(Adnkronos) -
La Cina ha intrapreso dal 2020 un'imponente espansione delle strutture legate alla produzione di missili, rafforzando la propria capacità di deterrenza nei confronti degli Stati Uniti e consolidando il proprio ruolo militare nella regione. Un'analisi condotta dalla Cnn su immagini satellitari, mappe e documenti ufficiali, ha rivelato che oltre il 60% dei 136 siti collegati alla produzione di missili o alla Forza Missilistica dell'Esercito Popolare di Liberazione cinese (Pla) - che controlla anche l'arsenale nucleare - mostra segni di un ampliamento in corso o già completato. In totale, le nuove aree costruite - torri, bunker e strutture riconducibili alla sviluppo di armamenti - occupano circa due milioni di metri quadrati.
"La Cina si sta posizionando come superpotenza globale. Siamo nelle fasi iniziali di una nuova corsa agli armamenti", ha spiegato William Alberque, esperto di controllo degli armamenti ed ex direttore della Nato. Le strutture individuate dall'emittente americana includono fabbriche, centri di ricerca e basi militari: 99 siti legati alla produzione di missili, di cui 65 ampliati negli ultimi cinque anni, e 22 basi della Forza Missilistica che presentano nuovi sviluppi. L'espansione è proseguita senza sosta anche dopo l'invasione russa dell'Ucraina, evento che - secondo gli analisti - ha spinto Pechino a dare una sterzata ai propri programmi militari.
Il rafforzamento dell'arsenale missilistico è parte della strategia di Xi Jinping per trasformare l'Esercito Popolare di Liberazione in una forza di "livello mondiale". La Cina ha aumentato il suo budget per la Difesa del 7,2% nel 2024, raggiungendo un totale ufficiale di circa 245 miliardi di dollari, anche se le spese reali potrebbero essere molto più elevate. Le nuova capacità produttive riguardano anche missili a medio raggio come il Df-26, ribattezzato dagli esperti "il killer di Guam" per la sua capacità di colpire basi americane nel Pacifico.

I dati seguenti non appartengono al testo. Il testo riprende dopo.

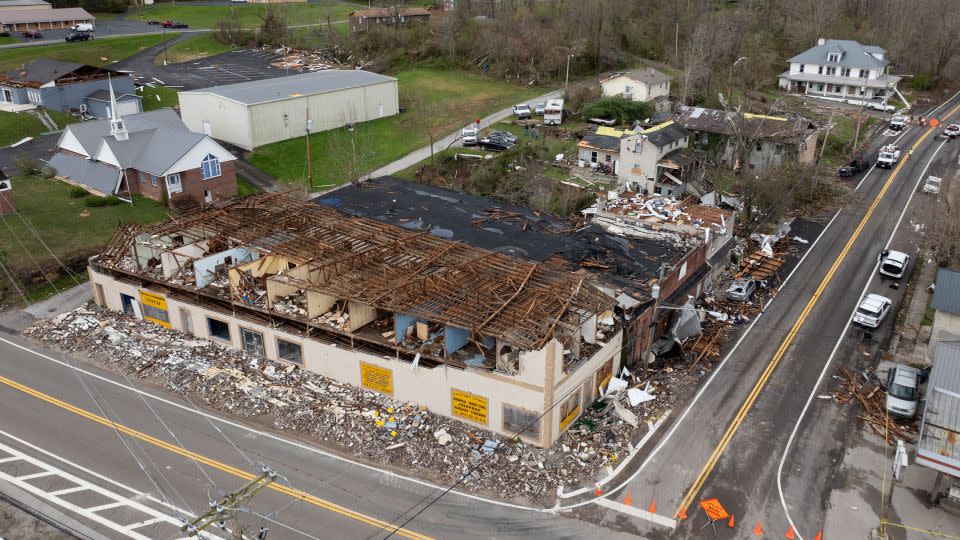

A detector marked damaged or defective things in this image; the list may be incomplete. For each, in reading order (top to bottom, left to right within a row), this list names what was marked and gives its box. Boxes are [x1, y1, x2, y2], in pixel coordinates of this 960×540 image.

damaged house [676, 105, 816, 173]
broken window [208, 316, 231, 342]
broken window [242, 326, 264, 356]
broken window [276, 340, 302, 364]
damaged house [88, 193, 624, 448]
broken window [502, 402, 540, 440] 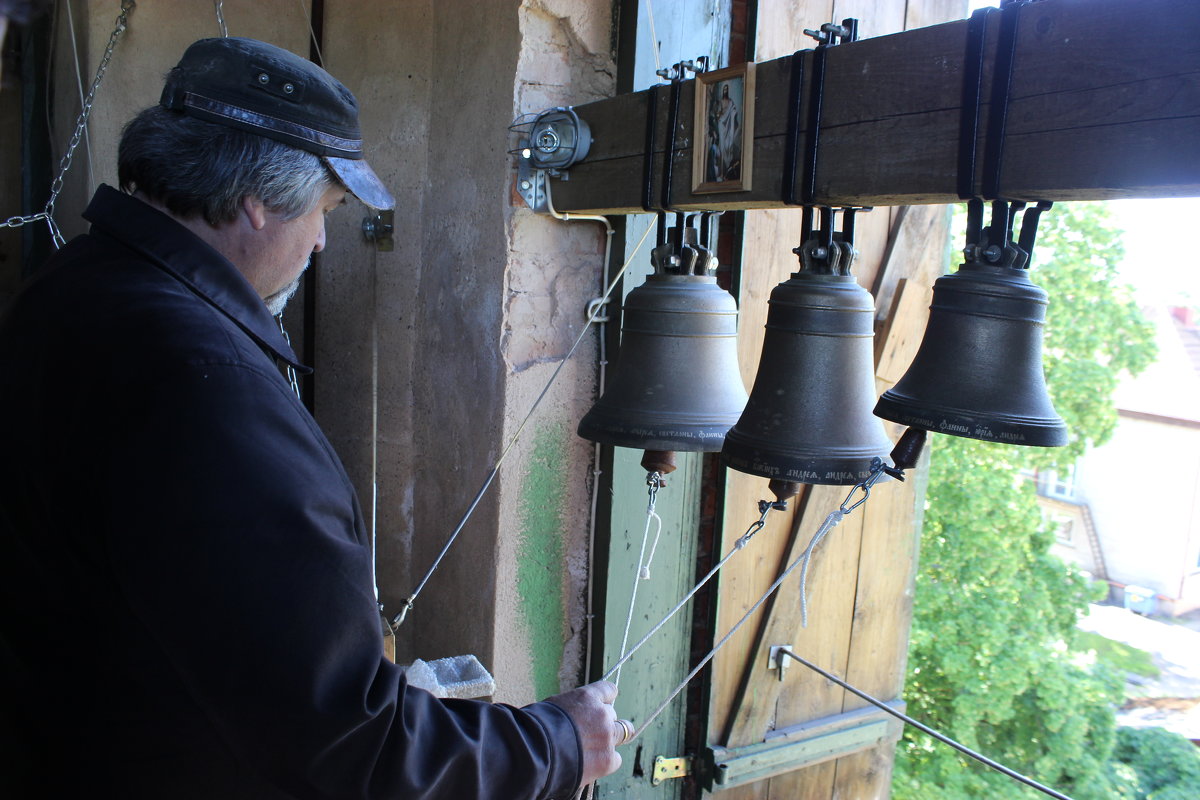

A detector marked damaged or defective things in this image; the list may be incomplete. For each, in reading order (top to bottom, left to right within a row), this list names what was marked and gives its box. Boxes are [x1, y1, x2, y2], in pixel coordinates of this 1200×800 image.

Secondo gli analisti citati dalla Cnn, i missili prodotti nei nuovi impianti sarebbero cruciali in un'eventuale operazione militare contro Taiwan, con l'obiettivo di creare una "bolla d'interdizione" attorno alle coste cinesi. Ma mentre Pechino accelera, Washington fatica a tenere il passo: il Pentagono affronta carenze di fornitura a cause delle "spese" nei conflitti in Ucraina e Israele. "Credo che sia già in corso una nuova guerra fredda - ha avvertito David Santoro, presidente del Pacific Forum - Il rischio è che possa trasformarsi in una guerra calda".